The Fed’s Great Experiment
For the third time in a little more than ten years Wall Street has embraced a dubious narrative to drive the market higher in the face of crumbling fundamentals. In early 2000 the conventional wisdom discarded over a hundred years of valuation history in denying that the market was in a bubble driven by speculation in internet-related stocks. In late 2007 investors again drove the market to a peak, insisting that the subprime mortgage problem was just too insignificant to impact either the economy or the market. And if anything did go wrong, the good old Fed was there to ensure that the worst outcome would be a so-called "soft landing". In both cases the economy went into a recession and the market dropped more than 50%.
Now, once again the economy is struggling, and investors are depending on the Fed’s impending announcement of QE2 to bail them out, driving up the market in anticipation of the news. That the economy is deteriorating is obvious. If not, QE2 would not even be under discussion. The problem, though, is that after TARP, the stimulus plan, Fed purchases of $1.7 trillion in mortgages and Treasuries, near-zero interest rates, cash for clunkers, homebuyer tax credits, mortgage remodifications and unemployment insurance extensions, there is little more that the Fed can do that they haven’t already done. The Board has used all of its conventional tools and some not so conventional, and now is in the position of entering into a great experiment with unknown outcomes and possible unintended consequences. The truth is that the Fed cannot use monetary policy to force companies, banks and consumers to take credit that they do not want.
The problem was well presented in an August op-ed column in the Wall Street Journal by Alan Blinder, a former Fed vice-chairman and colleague of Ben Bernanke at Princeton. The article, called "The Fed is Running Out of Ammo", outlined three options for the Fed—-expanding the Fed’s sheet further, changing the "extended period" language in the Fed’s statement or lowering the interest rate on bank reserves. He then demonstrated that each of these options had negative political consequences, economic drawbacks or limited effectiveness. He concluded by saying that if the economy didn’t pick up, it would be time to use even this "weak ammunition", although he obviously didn’t think it would be of much help.

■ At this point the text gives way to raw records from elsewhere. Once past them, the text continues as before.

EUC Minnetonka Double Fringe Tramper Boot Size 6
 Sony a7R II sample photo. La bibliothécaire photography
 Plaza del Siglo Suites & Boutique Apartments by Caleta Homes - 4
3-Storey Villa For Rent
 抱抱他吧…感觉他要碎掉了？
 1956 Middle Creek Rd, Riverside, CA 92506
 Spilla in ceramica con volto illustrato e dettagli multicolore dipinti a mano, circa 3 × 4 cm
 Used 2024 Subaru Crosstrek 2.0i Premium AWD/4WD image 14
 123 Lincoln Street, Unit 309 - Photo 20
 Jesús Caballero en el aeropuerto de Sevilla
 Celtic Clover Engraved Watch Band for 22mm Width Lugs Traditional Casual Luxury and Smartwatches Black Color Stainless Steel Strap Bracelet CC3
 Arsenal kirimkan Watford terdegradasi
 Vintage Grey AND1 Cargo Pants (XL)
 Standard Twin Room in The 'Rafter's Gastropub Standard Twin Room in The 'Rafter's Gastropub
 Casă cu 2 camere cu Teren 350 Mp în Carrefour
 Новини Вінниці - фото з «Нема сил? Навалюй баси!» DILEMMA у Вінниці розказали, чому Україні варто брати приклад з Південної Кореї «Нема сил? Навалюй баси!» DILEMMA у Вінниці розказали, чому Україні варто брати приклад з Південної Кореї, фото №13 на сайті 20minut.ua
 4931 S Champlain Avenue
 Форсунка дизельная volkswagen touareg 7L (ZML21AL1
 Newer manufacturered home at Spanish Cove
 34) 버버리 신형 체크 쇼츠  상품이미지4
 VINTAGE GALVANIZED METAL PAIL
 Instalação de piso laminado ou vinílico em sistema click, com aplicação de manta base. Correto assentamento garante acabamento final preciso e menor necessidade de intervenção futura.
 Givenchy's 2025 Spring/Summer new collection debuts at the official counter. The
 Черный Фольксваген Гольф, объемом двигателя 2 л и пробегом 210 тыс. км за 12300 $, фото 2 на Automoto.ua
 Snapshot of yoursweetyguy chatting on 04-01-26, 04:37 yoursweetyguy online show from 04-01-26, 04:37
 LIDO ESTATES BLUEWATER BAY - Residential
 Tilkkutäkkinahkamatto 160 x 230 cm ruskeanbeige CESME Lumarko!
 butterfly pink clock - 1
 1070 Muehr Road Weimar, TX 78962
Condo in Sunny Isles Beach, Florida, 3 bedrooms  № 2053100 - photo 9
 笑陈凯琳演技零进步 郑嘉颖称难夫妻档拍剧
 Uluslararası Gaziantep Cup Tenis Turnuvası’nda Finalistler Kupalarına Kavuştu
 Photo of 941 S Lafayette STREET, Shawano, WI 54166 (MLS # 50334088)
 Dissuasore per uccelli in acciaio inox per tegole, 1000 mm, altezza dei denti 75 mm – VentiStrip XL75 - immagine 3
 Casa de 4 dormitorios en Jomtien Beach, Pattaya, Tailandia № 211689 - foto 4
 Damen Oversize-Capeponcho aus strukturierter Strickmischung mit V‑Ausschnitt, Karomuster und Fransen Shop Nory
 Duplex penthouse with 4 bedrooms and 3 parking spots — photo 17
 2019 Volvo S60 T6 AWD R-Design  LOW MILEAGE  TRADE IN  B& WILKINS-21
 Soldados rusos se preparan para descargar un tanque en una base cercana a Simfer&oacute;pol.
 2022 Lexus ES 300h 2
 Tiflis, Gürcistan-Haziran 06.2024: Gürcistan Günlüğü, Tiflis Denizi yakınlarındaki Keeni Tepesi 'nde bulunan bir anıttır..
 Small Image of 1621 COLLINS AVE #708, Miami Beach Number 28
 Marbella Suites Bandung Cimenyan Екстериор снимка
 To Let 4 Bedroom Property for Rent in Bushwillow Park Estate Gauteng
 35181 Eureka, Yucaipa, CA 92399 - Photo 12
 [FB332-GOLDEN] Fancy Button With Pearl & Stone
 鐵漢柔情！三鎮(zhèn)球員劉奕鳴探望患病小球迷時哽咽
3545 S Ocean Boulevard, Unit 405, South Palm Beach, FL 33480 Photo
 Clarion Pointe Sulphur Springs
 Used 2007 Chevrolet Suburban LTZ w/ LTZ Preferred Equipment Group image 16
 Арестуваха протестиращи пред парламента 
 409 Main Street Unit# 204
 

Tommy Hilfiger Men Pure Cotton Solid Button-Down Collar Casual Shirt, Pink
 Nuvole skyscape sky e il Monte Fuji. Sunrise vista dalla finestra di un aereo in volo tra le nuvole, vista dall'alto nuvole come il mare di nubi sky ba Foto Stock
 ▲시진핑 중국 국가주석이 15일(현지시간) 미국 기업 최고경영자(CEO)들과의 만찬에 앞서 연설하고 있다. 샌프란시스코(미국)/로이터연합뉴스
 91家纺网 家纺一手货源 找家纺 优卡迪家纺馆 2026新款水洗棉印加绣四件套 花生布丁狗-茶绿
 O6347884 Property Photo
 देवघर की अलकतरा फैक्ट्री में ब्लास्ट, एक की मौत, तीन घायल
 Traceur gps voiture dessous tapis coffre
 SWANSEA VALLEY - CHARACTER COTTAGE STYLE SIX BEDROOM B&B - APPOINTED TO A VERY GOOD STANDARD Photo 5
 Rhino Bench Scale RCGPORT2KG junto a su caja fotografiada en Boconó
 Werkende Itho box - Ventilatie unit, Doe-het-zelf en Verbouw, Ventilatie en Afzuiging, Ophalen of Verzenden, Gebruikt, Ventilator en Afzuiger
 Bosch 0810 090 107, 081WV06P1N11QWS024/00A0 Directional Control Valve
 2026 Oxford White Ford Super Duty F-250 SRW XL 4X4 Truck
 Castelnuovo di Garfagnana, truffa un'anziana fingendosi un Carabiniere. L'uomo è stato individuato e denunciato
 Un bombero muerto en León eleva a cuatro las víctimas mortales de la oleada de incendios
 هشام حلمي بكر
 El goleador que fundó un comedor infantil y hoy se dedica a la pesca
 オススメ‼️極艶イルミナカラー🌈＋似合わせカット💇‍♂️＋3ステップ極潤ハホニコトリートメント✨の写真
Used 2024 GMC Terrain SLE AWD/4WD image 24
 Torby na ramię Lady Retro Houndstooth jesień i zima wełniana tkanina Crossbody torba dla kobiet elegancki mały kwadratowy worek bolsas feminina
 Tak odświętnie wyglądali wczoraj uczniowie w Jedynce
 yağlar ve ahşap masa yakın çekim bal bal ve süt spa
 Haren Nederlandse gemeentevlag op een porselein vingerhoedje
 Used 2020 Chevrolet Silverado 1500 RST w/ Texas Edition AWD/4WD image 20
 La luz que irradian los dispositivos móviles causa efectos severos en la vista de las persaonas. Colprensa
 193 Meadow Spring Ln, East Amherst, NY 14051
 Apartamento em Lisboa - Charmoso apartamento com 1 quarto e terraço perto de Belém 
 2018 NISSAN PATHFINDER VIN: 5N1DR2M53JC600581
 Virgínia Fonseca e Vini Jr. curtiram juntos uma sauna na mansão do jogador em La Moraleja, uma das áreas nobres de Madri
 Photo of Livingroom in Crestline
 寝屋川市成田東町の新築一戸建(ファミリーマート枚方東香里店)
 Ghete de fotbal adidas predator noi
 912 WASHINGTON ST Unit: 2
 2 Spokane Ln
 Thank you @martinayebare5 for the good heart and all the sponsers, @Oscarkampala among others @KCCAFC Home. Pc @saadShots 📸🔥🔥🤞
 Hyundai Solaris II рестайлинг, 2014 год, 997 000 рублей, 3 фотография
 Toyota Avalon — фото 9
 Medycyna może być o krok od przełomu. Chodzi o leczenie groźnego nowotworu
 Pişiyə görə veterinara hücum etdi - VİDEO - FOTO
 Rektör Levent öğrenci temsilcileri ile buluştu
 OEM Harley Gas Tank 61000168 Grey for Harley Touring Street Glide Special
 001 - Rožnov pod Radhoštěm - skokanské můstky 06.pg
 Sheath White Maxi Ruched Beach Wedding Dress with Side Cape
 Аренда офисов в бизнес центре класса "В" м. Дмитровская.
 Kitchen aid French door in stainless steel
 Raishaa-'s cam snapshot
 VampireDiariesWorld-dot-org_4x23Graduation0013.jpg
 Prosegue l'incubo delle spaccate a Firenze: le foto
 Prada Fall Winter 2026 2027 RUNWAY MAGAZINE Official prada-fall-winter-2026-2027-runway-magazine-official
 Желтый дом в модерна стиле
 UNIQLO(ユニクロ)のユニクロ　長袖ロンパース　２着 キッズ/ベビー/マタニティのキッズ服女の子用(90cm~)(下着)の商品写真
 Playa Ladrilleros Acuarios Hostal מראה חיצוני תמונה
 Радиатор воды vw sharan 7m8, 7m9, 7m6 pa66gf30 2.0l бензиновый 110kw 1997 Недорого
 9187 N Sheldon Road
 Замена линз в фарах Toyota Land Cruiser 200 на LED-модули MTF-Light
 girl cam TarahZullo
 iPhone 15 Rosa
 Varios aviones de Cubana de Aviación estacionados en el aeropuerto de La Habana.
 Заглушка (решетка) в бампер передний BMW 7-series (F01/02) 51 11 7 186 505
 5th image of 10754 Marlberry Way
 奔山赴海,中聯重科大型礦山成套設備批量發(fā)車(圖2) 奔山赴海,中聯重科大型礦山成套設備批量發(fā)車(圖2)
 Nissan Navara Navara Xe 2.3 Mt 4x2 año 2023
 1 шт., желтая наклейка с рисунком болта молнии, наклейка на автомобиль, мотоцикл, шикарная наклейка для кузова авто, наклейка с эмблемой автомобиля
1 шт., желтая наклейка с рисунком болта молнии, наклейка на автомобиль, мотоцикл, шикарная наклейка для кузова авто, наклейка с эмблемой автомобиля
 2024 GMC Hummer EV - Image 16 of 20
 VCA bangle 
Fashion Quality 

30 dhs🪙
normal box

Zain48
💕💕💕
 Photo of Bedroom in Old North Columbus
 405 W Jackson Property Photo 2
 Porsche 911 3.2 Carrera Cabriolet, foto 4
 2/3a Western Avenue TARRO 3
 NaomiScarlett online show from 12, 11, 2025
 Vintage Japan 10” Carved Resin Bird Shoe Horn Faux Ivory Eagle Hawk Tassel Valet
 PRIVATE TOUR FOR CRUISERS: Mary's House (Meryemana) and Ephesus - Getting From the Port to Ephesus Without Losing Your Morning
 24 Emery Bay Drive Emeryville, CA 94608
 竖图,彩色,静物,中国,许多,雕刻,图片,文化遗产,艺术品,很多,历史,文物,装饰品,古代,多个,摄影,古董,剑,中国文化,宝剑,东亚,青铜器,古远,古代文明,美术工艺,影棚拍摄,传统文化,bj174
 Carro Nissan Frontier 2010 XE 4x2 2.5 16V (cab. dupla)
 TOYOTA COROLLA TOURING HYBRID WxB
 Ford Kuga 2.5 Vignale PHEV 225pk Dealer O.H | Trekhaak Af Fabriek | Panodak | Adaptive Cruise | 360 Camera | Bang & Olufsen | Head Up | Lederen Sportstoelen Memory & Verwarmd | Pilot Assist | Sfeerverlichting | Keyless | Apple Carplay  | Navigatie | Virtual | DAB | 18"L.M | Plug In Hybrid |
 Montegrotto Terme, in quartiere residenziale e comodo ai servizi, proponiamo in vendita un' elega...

Blinder is a main-stream economist, and we doubt that his views differ much from the majority of the FOMC. They must know that they are about to implement a policy that has never been tried before on this scale and that the outcome is extremely uncertain. However, with the White House and Congress in gridlock, the Fed knows that they are the only game in town. What they are hoping to do is increase the Fed’s balance sheet, induce the banks to extend a lot more credit, lower long-term interest rates, spark spending by consumers and business and raise the inflation rate, which they regard as too low.